Chance sounds scared exactly once. “Finish Line/Drown” is where he cops to the Xanax addiction the year before, the four months wasted in LA, his grandfather dying at 84. T-Pain wails about a finish line; Kirk Franklin preaches; Noname drops in. And Chance is in the middle of all of it saying the stuff the rest of Coloring Book is too happy to mention. He almost wasn’t happy. Almost didn’t come back to Chicago. Almost didn’t come back period. He doesn’t polish it. Just says it happened, in between a gospel choir and a Kirk Franklin sermon, and that plainness is harder to shake off than any of the bigger, louder moves around it.

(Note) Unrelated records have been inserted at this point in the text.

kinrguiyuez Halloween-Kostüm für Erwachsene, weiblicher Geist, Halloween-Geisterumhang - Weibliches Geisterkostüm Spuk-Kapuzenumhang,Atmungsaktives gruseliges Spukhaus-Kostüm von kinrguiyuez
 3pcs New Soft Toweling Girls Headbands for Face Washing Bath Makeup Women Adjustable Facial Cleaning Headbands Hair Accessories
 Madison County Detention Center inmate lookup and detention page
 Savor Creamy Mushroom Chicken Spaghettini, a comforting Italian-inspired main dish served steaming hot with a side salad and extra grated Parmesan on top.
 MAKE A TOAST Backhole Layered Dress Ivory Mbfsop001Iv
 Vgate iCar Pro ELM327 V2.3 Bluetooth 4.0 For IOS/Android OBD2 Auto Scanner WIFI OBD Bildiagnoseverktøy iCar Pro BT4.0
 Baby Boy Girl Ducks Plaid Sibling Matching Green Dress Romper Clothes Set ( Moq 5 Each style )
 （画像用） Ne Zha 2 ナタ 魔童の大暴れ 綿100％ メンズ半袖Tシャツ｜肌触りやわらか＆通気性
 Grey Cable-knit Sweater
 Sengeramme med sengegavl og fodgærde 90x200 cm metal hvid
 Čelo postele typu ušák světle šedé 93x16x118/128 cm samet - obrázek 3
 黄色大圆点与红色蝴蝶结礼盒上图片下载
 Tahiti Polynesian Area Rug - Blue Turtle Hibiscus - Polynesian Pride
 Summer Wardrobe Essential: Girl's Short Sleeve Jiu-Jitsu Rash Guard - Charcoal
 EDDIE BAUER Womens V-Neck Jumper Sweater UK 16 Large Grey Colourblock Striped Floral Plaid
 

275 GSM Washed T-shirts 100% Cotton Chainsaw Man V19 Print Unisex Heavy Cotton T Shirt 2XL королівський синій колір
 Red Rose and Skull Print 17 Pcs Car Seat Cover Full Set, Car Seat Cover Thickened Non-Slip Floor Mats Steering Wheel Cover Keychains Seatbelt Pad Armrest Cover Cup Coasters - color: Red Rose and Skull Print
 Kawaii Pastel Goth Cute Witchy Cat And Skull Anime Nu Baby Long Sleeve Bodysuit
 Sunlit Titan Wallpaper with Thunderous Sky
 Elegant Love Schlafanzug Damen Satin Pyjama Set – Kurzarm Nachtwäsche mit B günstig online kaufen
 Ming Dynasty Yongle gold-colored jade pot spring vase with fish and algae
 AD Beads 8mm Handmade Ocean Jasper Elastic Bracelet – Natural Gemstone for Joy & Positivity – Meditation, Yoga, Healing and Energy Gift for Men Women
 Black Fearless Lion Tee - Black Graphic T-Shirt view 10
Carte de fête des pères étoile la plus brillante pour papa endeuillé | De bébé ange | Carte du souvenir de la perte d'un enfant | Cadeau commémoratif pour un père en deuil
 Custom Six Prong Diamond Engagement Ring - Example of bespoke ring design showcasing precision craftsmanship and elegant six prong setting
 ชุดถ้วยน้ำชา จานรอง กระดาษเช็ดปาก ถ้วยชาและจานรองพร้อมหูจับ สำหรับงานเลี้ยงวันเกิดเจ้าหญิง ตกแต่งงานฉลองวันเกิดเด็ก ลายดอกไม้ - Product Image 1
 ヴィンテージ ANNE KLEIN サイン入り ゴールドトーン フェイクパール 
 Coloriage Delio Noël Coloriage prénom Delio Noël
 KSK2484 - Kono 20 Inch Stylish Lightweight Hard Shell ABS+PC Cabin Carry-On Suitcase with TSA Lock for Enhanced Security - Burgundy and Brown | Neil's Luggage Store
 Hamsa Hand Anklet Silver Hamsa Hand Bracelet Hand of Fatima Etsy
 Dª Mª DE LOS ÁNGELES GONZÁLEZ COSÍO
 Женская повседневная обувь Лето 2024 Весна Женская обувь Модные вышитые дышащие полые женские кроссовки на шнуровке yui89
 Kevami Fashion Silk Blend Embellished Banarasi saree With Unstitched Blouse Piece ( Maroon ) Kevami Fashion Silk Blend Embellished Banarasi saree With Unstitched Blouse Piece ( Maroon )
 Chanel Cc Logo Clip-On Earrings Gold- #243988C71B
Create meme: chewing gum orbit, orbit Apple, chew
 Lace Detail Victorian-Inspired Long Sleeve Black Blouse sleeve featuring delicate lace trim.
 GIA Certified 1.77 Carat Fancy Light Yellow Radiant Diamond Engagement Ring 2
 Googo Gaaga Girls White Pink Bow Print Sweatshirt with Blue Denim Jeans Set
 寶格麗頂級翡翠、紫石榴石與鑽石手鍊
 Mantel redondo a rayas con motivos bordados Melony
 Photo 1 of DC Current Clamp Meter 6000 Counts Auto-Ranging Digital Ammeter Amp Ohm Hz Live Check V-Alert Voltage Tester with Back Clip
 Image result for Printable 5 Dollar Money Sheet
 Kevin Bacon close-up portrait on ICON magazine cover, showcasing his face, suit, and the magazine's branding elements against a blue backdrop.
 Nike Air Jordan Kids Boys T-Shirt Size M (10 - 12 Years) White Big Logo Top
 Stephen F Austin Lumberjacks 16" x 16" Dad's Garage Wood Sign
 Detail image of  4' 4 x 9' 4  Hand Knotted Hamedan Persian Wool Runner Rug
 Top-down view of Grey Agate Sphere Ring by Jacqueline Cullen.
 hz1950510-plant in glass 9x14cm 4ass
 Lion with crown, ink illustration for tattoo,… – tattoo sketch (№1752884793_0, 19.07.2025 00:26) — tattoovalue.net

Every label that passed on Chance gets its own line on “No Problem.” If one more label try to stop me, there gon’ be some dreads in their lobby. Wayne and 2 Chainz pile on, the Brasstracks horns are blaring like a second-line parade that got lost in a rap beef, and underneath all that noise is real hostility toward an industry that kept telling this kid he needed a deal. Apple Music paid $500,000 for two weeks of exclusivity on Coloring Book. It was still free. On the first “Blessings” he says he doesn’t make songs for free, he makes them for freedom. Which, look, as a sentence, that’s bumper-sticker corny. But he’d actually done it. Three mixtapes deep with no label, a Grammy speech where he thanked God and not a single executive. The corn had receipts.
Seventy-plus credited contributors and not all of them needed to be here. Bieber croons a first-love hook on “Juke Jam” and vanishes into the song completely anonymous. Saba rides right next to Chance on “Angels” without stepping on him, two Chicago guys who obviously grew up swapping bars. Then there’s Jay Electronica on “How Great” going full Jay Electronica (Harry Potter, Lion King, color-changing spoons) right after three minutes of Chance’s cousin belting a hymn, and it’s a lot to absorb in one sitting. Future on “Smoke Break” just wants five minutes to sit down, and that smallness is actually a relief by the second half. So is “All Night,” a Kaytranada dance track with zero message and no apology about it. D.R.A.M.’s interlude is a minute of sweetness that doesn’t stick, and “Mixtape” with Thug and Yachty cheers for the format without really saying why. Chance wanted the whole world in the room. Some rooms were more crowded than they needed to be.
Three years later Chance put out The Big Day, his actual debut album, and it flopped. Wedding-drunk, overlong, missing whatever made the earlier sprawl feel generous instead of confused. Manager gone, lawsuits pending. Star Line in 2025 got the sharpness back. But Coloring Book already has its room in the decade and nobody else is getting in. A free mixtape with gospel choirs and a children’s choir and Kirk Franklin preaching won a Grammy, and the kid who made it turned down GOOD Music the same year. He was 22 and 23 when he recorded it. His daughter had just been born. He dragged mattresses into a Chicago studio and told the people he loved to come sleep there, and they did, and they made this.